Call for tougher entry criteria to law course

Most students feel lectures are not challenging enough

Law students have called for more restrictive entry requirements for the University law degree course in order to remove the perception that it is a “waste bin”.

“It is both absurd and illogical to have several hundred students join the course so freely only for them to fail at a later stage and drop out either due to lack of interest or simply because law is not suitable for them,” the Law Students Association said in a report.

Besides recommendations, the report includes results of a survey carried out among law students. It was presented on Tuesday to University Rector Juanito Camilleri and Faculty of Laws Dean Ian Refalo during Freshers’ Week.

The association said a change in course requirements was “essential” – not by restricting the number of students who could apply every year but by tightening the grades required to enroll.

At present, students are eligible to enter the course if they have a grade C or better in any two A levels or equivalent and a grade C pass in a number of intermediate subjects. Instead, the association argues, the A level subjects required should be Maltese at grade C or better and English or French.

The course should not be about failing students but about giving “bright and eager” ones the opportunity to excel.
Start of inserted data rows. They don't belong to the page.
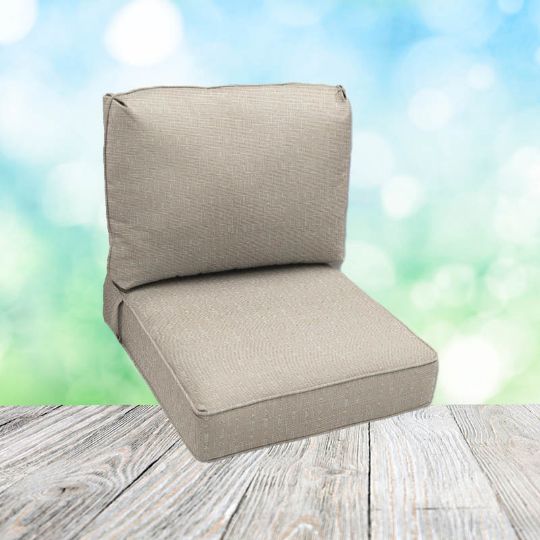 Deep Seating Patio Chair Cushions | Center Seam Style | Sunbrella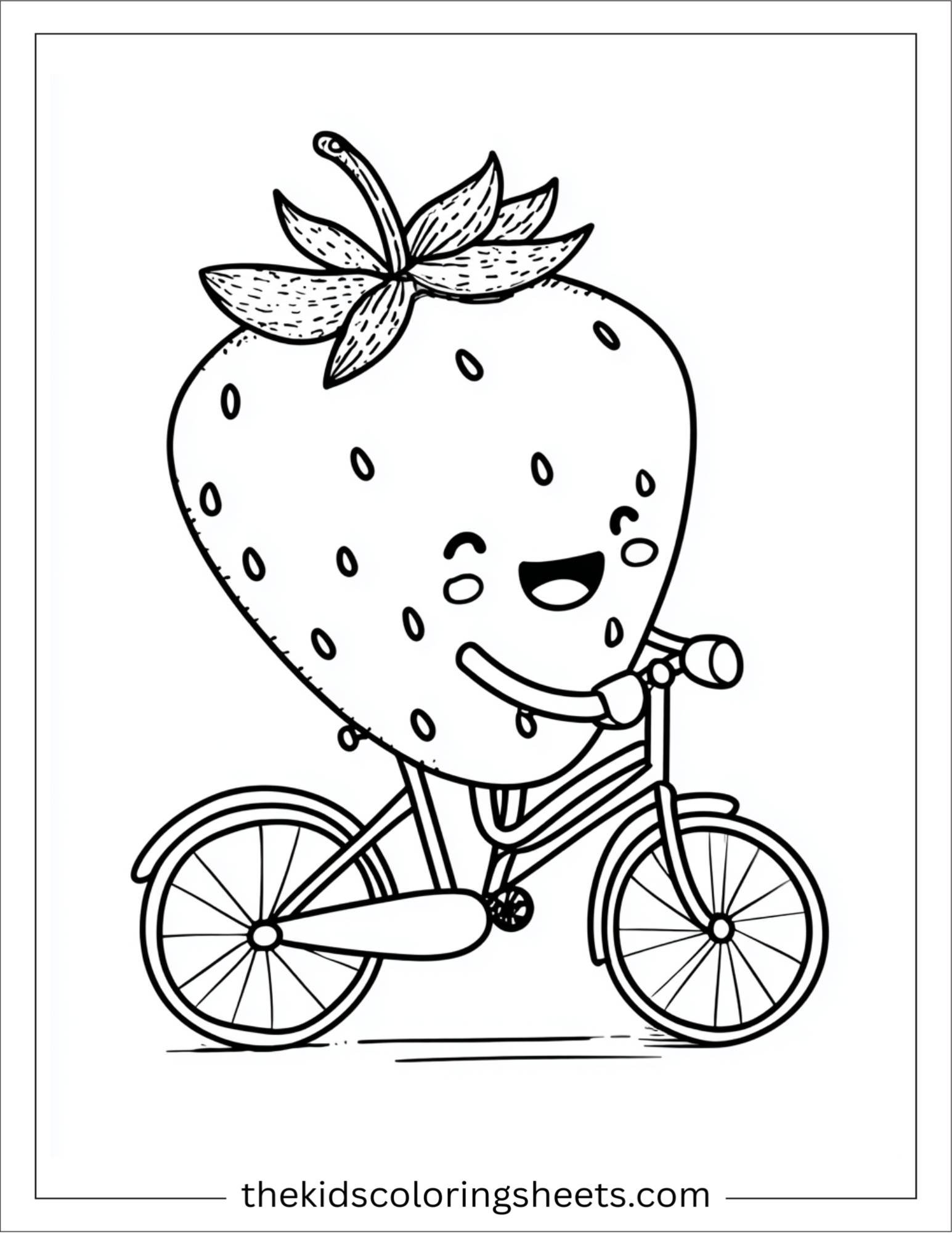 Strawberry riding bike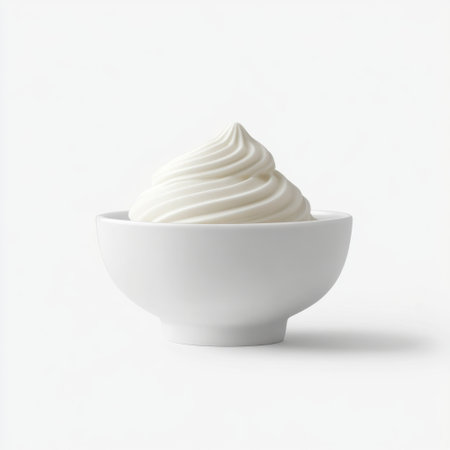 This image features a smooth and creamy whipped topping elegantly presented in a white bowl, ideal for enhancing desserts and adding a touch of indulgence.の素材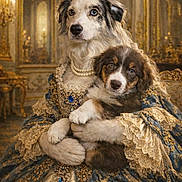Appy participe au concours pour gagner de l'argent avec cette photo : dog, puppy, royal_clothing, costume, pearls, luxury, ornate, gold, blue, lace, portrait, indoor, furniture, decor, elegant, cute, animal, pet, historic_style, posh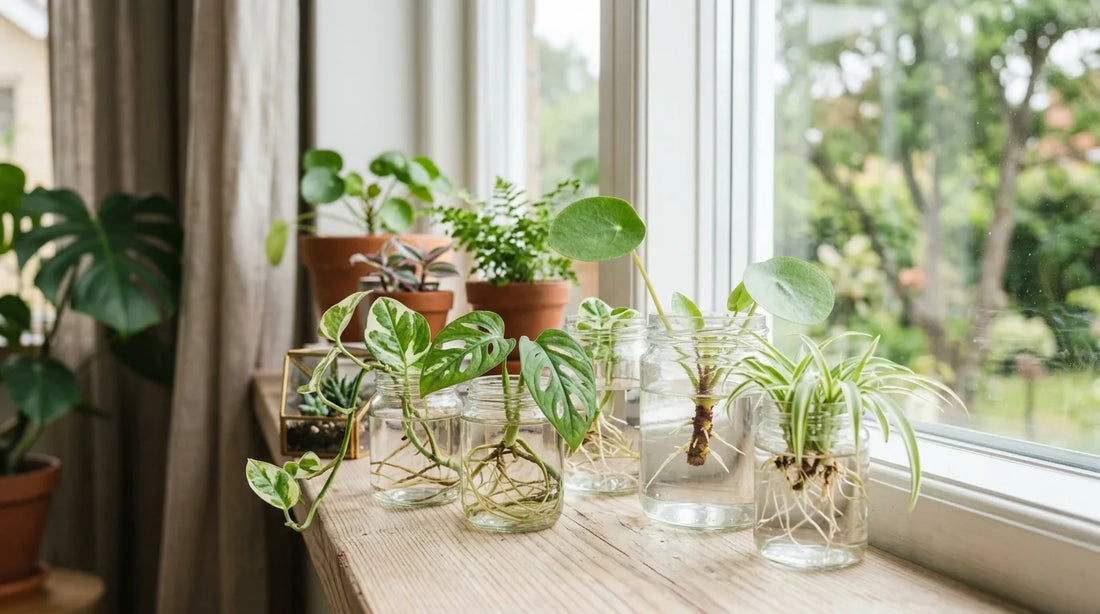 Boutures de plantes d'intérieur enracinant dans des bocaux d'eau sur un rebord de fenêtre, racines visibles dans l'eau.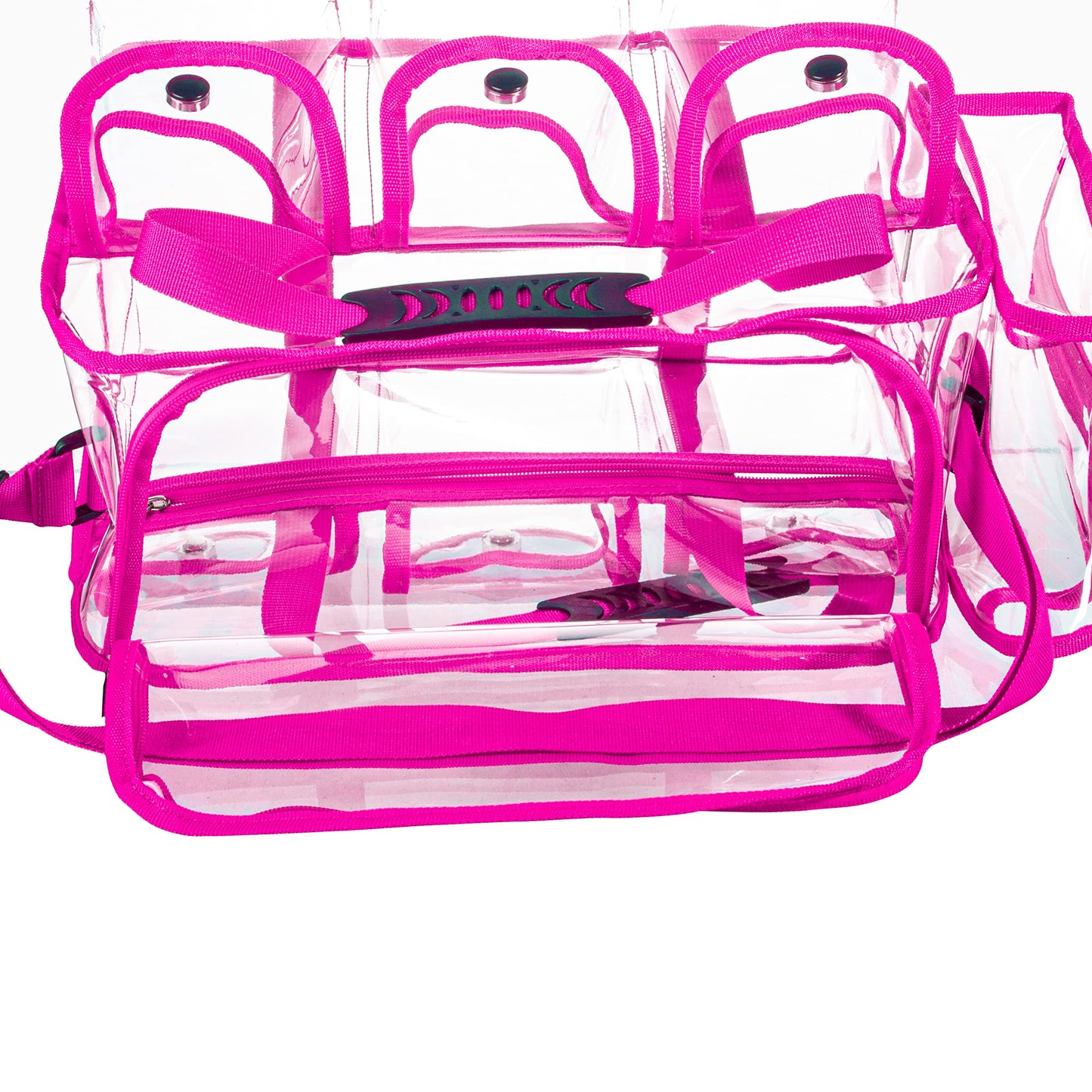 Wide Mouth Large Professional Clear PVC Travel Makeup Artist Set Bag Cosmetic Nails Beauty Bag Transparent Vinyl Tool Organizer Work Bag Beach Bag Diaper Bag with 6 External Pockets & Strap, Pink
The association also complained that the human resources and lecture halls were “grossly insufficient” to cope with the 250 or so first-year students.

Many students, it said, felt that the regulation which allowed “mature” students – people aged over 23 – to start the course was “unfair”. Being a mature student gave significant “leeway” to people who failed to reach the entry requirements but who could still start the course by “simply waiting a few years until they were 23 years old”, the association said.

It called for entry requirements for mature students to be made equally stringent, not only for law but for all courses at university.

In the survey, 85 per cent of the students questioned said their secondary area of studies should be eliminated because it amounted to nothing more than extra stress and accumulating extra credits.

With the exception of a few select subjects such as European Studies and International Relations, the secondary area involved a lot of work and “failed to adequately substantiate” the main area, the association noted.

Removing the secondary area would help reduce the current six-year course by one year, it added. This would allow students to focus more on law and allow more room for specialisation.

Seventy per cent of the students felt lectures were not challenging enough, while another 48 per cent felt they were not well prepared.

As many as 82 per cent complained they were only taught the law and not how to apply, interpret and analyse it. More emphasis was needed on legal practice as many students graduate “as experts in legal theory but with little knowledge of how to apply it”.

Many law students felt they became “fully-fledged parrots” by the end of the year. Among other things, they criticised the mono­tonous tones of the lecturers, who more often than not dictated, the lack of discussion and the way the lecturers rushed through the vast amount of material that had to be covered.

Many students praised the late President Emeritus and professor Guido de Marco for his teaching style, describing his lectures as thought-provoking and “different”.